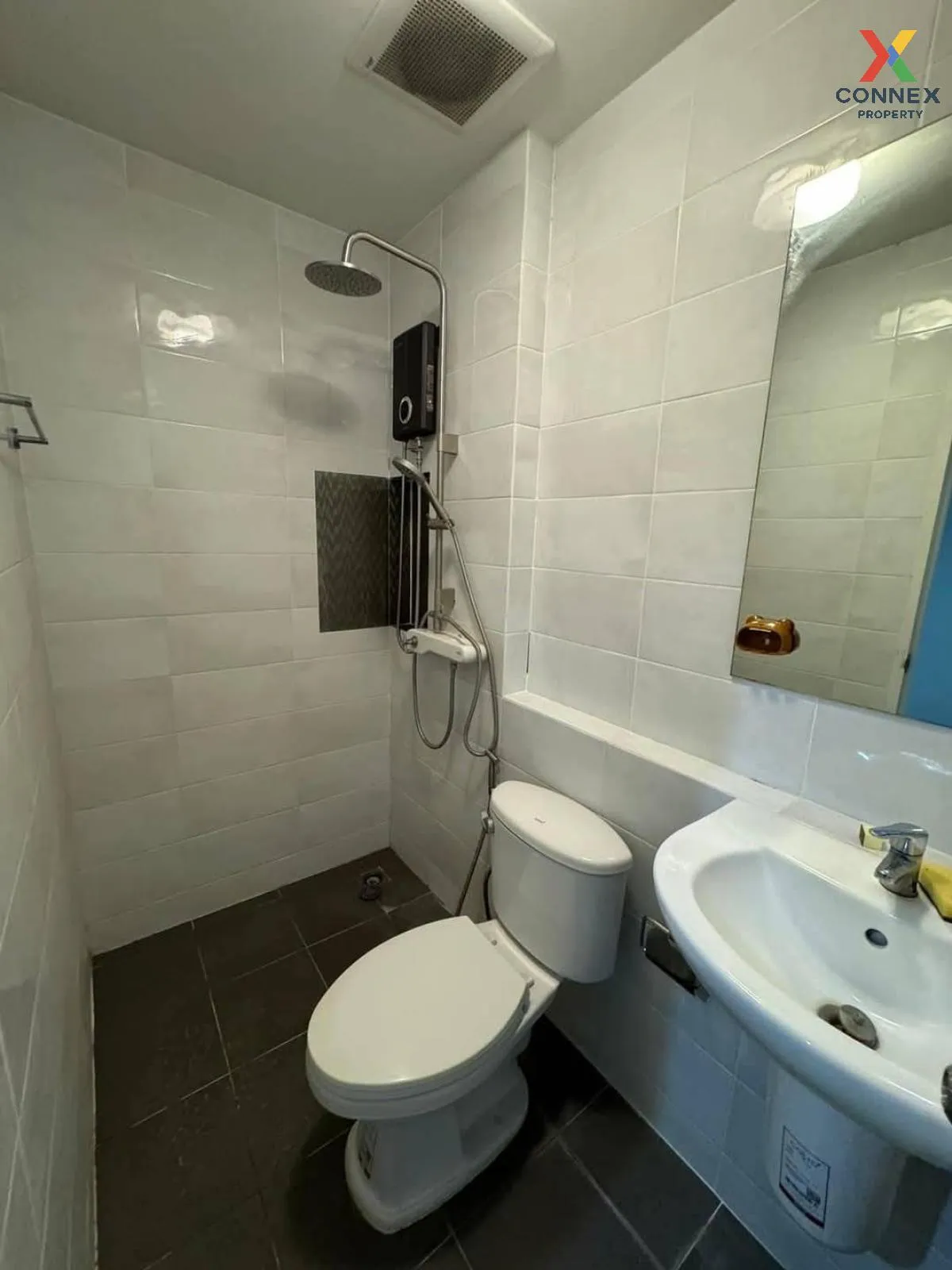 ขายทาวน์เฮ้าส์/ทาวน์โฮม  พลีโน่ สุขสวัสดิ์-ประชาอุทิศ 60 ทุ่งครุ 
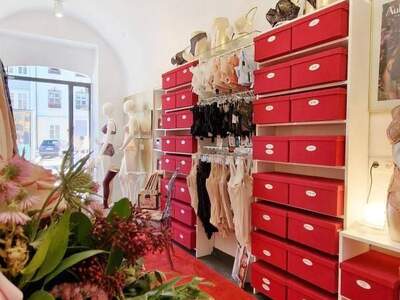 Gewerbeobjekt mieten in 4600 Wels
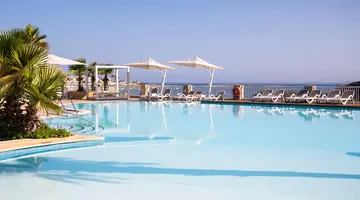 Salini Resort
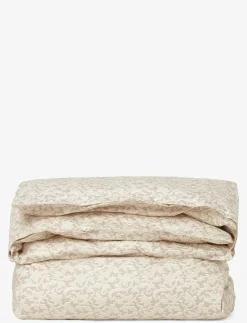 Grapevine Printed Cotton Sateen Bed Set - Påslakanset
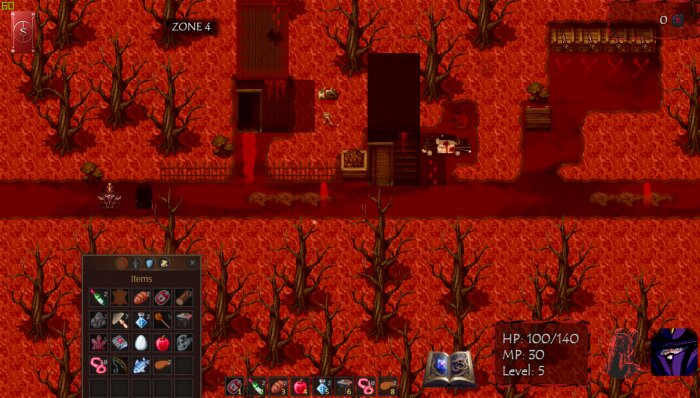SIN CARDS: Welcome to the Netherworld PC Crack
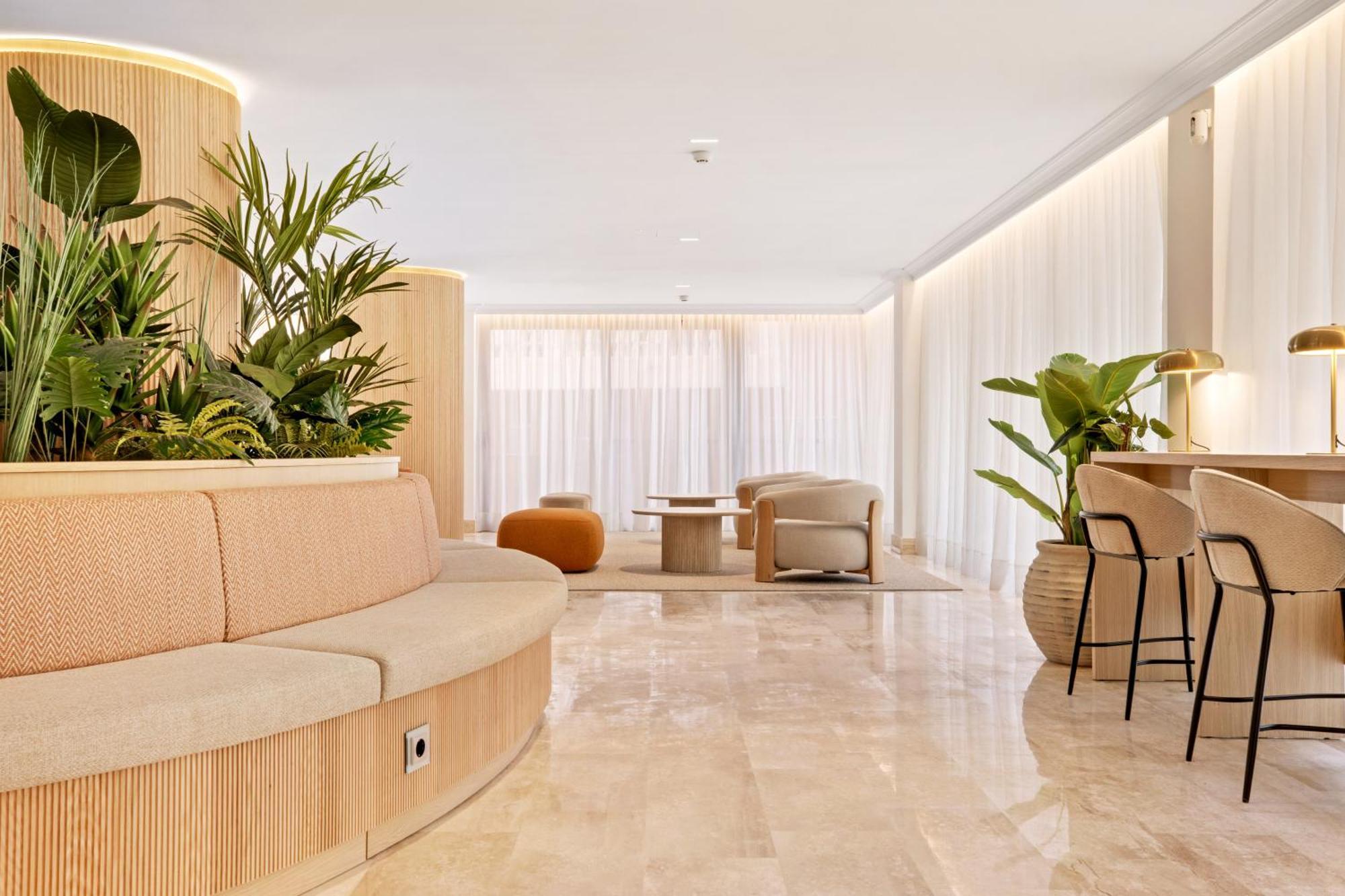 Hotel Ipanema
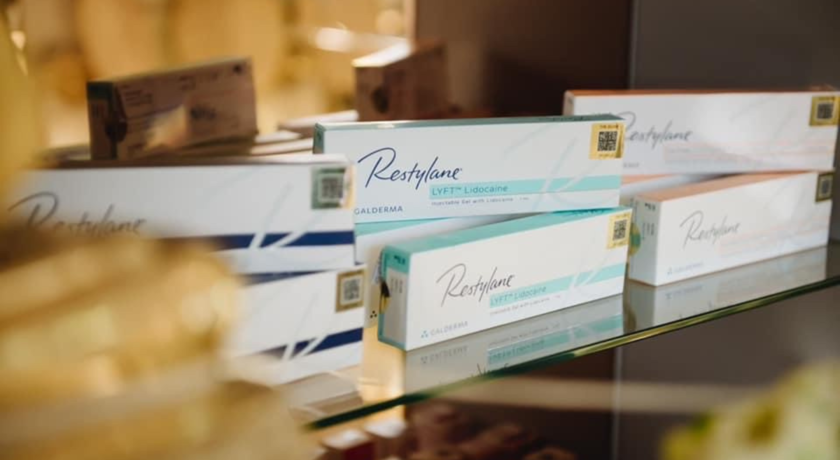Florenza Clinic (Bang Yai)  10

--

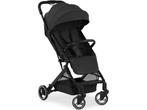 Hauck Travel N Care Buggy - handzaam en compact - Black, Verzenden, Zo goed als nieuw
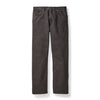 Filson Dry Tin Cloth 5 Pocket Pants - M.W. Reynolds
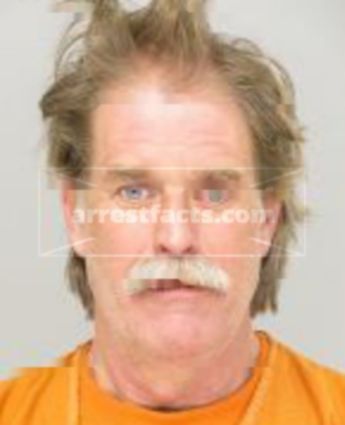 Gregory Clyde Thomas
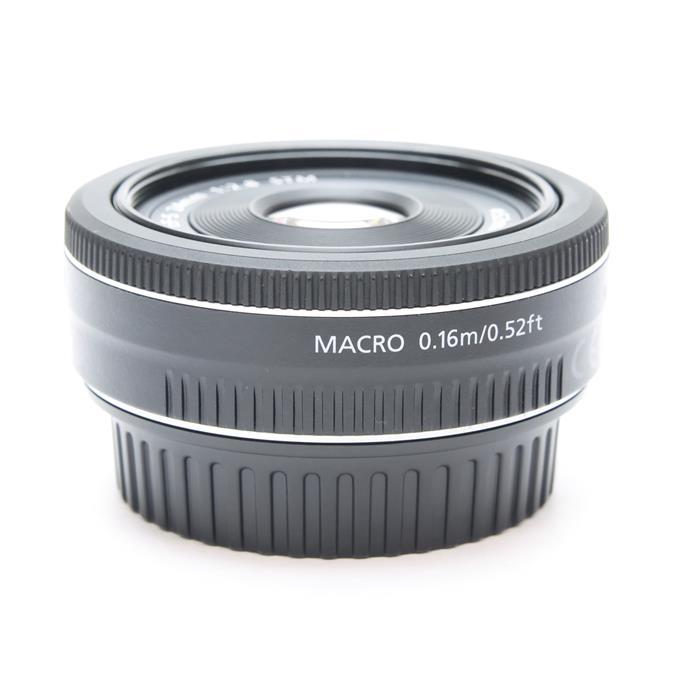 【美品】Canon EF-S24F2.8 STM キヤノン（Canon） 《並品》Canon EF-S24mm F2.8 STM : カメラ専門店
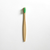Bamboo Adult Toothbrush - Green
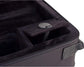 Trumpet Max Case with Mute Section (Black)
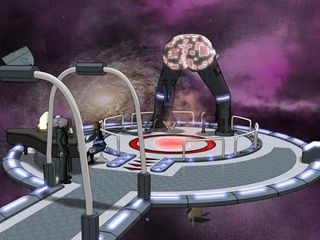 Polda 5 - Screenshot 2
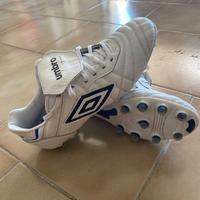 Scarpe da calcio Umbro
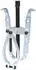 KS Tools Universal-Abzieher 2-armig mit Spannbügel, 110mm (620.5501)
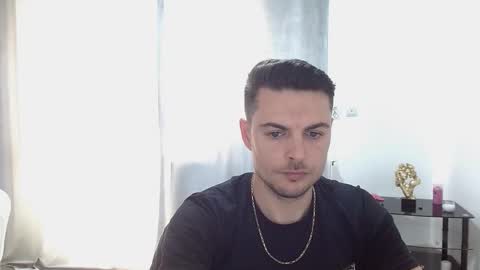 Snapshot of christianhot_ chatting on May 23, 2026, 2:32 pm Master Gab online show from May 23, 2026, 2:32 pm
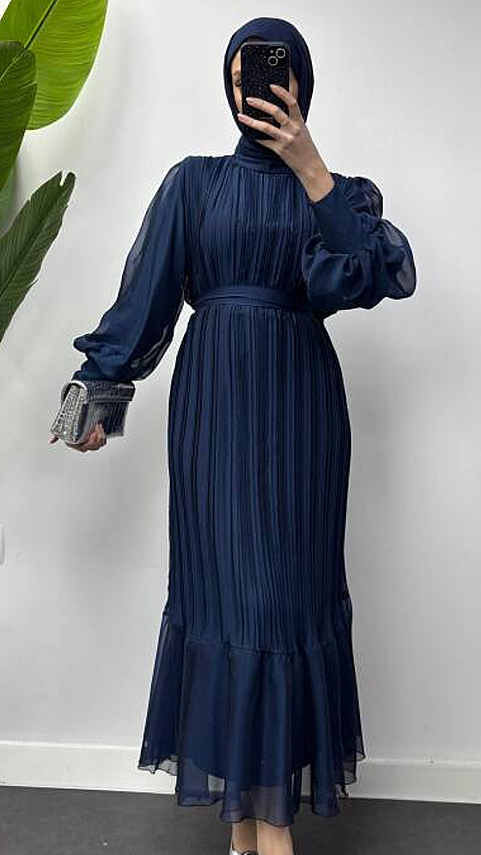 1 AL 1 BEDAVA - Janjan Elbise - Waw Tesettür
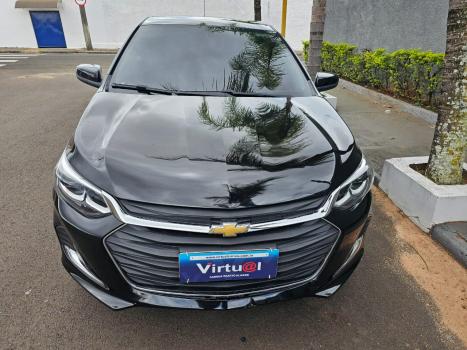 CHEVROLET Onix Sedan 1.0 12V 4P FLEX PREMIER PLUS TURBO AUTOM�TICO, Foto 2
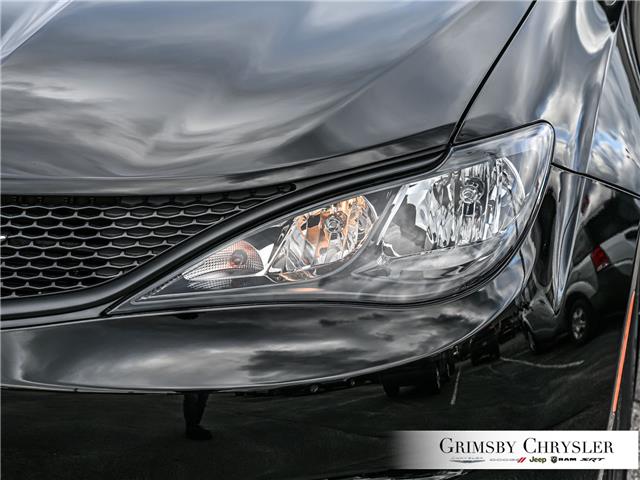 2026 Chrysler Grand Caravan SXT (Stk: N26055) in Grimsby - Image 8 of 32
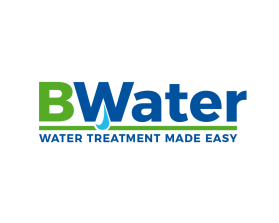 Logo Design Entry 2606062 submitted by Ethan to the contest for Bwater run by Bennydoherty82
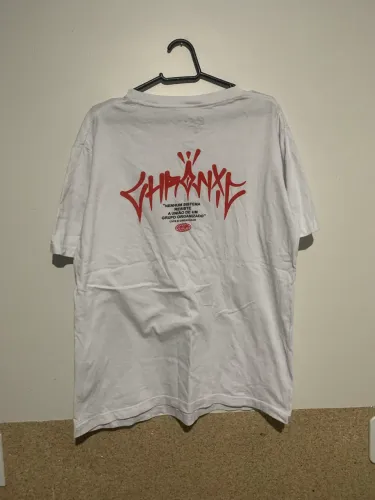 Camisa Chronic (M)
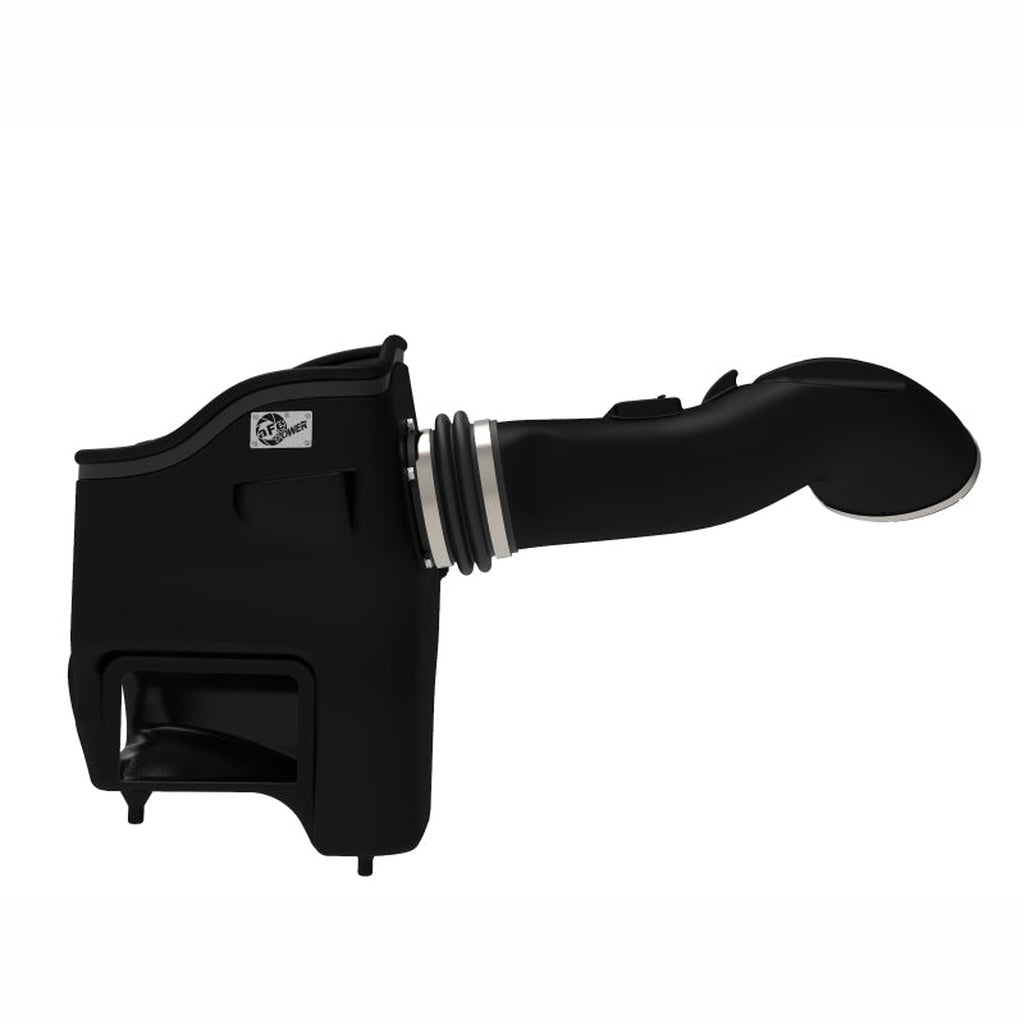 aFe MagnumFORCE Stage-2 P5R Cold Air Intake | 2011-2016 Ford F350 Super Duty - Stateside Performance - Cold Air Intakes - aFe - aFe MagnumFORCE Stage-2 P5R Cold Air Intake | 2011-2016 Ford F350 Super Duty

...

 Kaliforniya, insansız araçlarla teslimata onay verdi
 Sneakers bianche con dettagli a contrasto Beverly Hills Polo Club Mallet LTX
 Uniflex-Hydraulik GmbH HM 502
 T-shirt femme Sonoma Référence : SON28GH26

◆ TASK TO CARRY OUT: Only one part of the material above is wanted: the lines from the one with "สุขสวัสดิ์-ประชาอุทิศ 60 ทุ่งครุ" up to and including the one with "Florenza Clinic (Bang". Please copy them exactly, pictures left out.

◆ YOUR RESPONSE:
 ขายทาวน์เฮ้าส์/ทาวน์โฮม  พลีโน่ สุขสวัสดิ์-ประชาอุทิศ 60 ทุ่งครุ 
 Gewerbeobjekt mieten in 4600 Wels
 Salini Resort
 Grapevine Printed Cotton Sateen Bed Set - Påslakanset
SIN CARDS: Welcome to the Netherworld PC Crack
 Hotel Ipanema
Florenza Clinic (Bang Yai)  10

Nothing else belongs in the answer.